**Required action**
Print out the data precisely as it appears here, with no pictures.

**Dataset content**
========================================================================
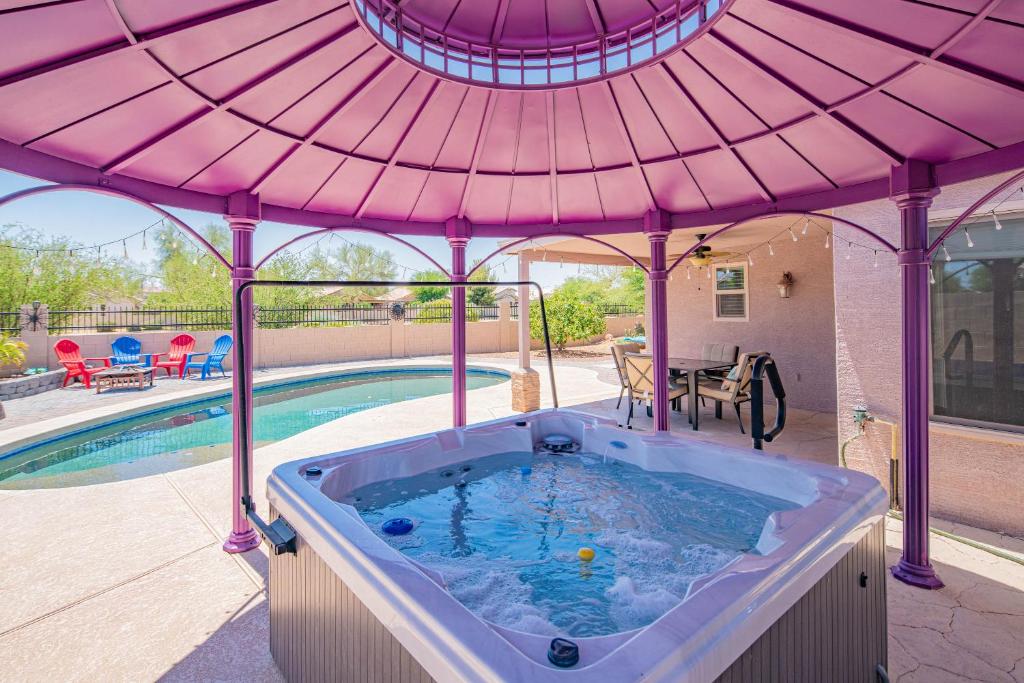 a hot tub under a pink umbrella next to a pool at Boho Chic Arizona Villa w Pool & Mini Golf in Casa Grande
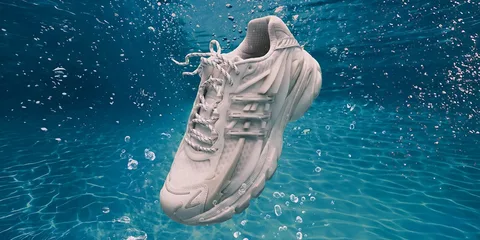 Basket blanche flottant dans l'eau avec des bulles autour.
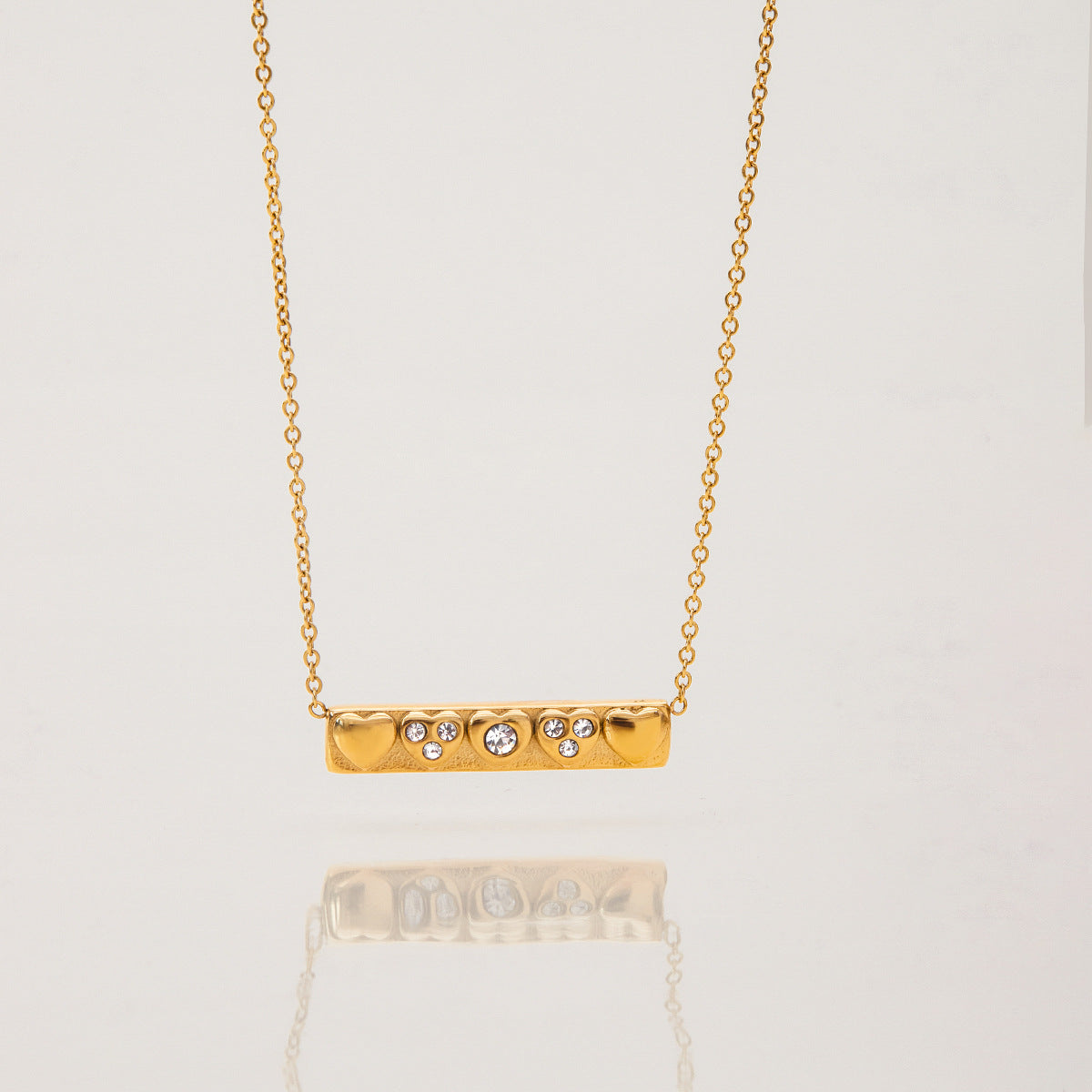 Minimalist bar necklace with engraved hearts and sparkling stones, laid flat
========================================================================
**Answer box**
 a hot tub under a pink umbrella next to a pool at Boho Chic Arizona Villa w Pool & Mini Golf in Casa Grande
 Basket blanche flottant dans l'eau avec des bulles autour.
 Minimalist bar necklace with engraved hearts and sparkling stones, laid flat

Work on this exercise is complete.